El universo entero, como dice
san Pablo, está en gestación. Toda la creación está en camino de convertirse en
una creación renovada, libre de la corrupción y de la muerte, gloriosa.
Mientras tanto, vivimos los dolores de parto: las heridas, luchas y fatigas de
nuestra larga y azarosa historia humana. Nuestro mundo es una criatura en crecimiento,
pese a todo. Y la palabra de Dios es lluvia que alimenta y ayuda a crecer.
Pero esta palabra, que
también podemos comparar a una semilla, necesita un terreno fecundo para brotar
y convertirse en planta viva. Ese terreno es nuestra libertad. Jesús lo explica
con enorme claridad valiéndose de una parábola, la del sembrador.
¿Quiénes somos nosotros
en esta parábola? Somos la tierra que acoge la voz de Dios. ¿Cómo la acogemos?
Jesús nos presenta varias actitudes. Están los que no escuchan ni entienden,
viven dormidos y ensordecidos por el ruido del mundo; en ellos la palabra cae
sobre camino trillado y es comida por los pájaros. Están los inconstantes: se
entusiasman de pronto, e igual de pronto se desaniman y abandonan. No hay
solidez en ellos y la palabra no puede cuajar. Están los que valoran la palabra…
pero tienen otras prioridades. Trabajo, familia, dinero, afanes u obsesiones,
lo que sea que les roba tiempo y energía y les impide acoger a Dios. Y
finalmente están los que acogen la palabra como agua buena, la interiorizan, la
hacen carne de su carne y se dejan transformar por ella: son las semillas
fecundas que crecen y dan fruto. Son las personas que se atreven a cambiar de
vida y pasan a ser colaboradores de Dios, mensajeros suyos, y generan vida a su
alrededor.
Jesús llama la atención
de los suyos. ¡Qué afortunados son, por poder ver y oírle a él, en persona! ¿Son
conscientes de ello? Muchos de nosotros querríamos saltar en el tiempo para
presenciar lo que los apóstoles vieron y poder saludar a Jesús cara a cara.
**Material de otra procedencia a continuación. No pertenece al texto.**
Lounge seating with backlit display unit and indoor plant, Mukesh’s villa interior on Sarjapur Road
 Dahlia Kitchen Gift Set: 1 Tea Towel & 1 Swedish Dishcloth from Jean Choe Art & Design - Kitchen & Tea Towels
Quizás si Jesús viniera hoy seríamos reticentes a su novedad y tal vez lo
rechazaríamos, o lo escucharíamos con cierta admiración, pero sin deseos de
comprometernos. No seríamos mucho
mejores que aquellos fariseos o aquellos vecinos escépticos de Cafarnaúm… ¿Nos
dejaríamos interpelar de verdad por sus palabras?
La respuesta la tenemos
en nuestras parroquias. Jesús sigue sembrando su palabra, hoy, a través de los
sacerdotes que nos hablan, a través de formadores, catequistas, misioneros,
incluso de amigos y familiares que nos dan testimonio. Quien se deja llamar por
Jesús, hoy, sin verlo como lo vieron sus discípulos, también entonces hubiera
sido buena tierra para la semilla. Quien hoy se endurece y no se deja penetrar
por la palabra que nos llega a través de otros mediadores, hubiera sido lo que
es ahora: roca dura, zarzal o camino pedregoso donde la semilla no puede
brotar. ¡Que esta lectura nos haga meditar a fondo en nuestra actitud!
Hoy el domingo coincide
con la festividad de la Virgen del Carmen. Si alguien acogió la palabra como
tierra fecunda esta fue María de Nazaret. Ella fue campo fértil, jardín de la
palabra hecha carne. Ella es nuestro mejor ejemplo a seguir, como el faro que
guía a los marineros a buen puerto en medio de las tormentas. Para ser
seguidores de Jesús no hacen falta grandes hazañas, sólo mucho amor, y
disposición a darlo todo. Desde un hogar, en silencio y con discreción, como
María, podemos ser espiga muy fecunda y esparcir vida y alegría alrededor.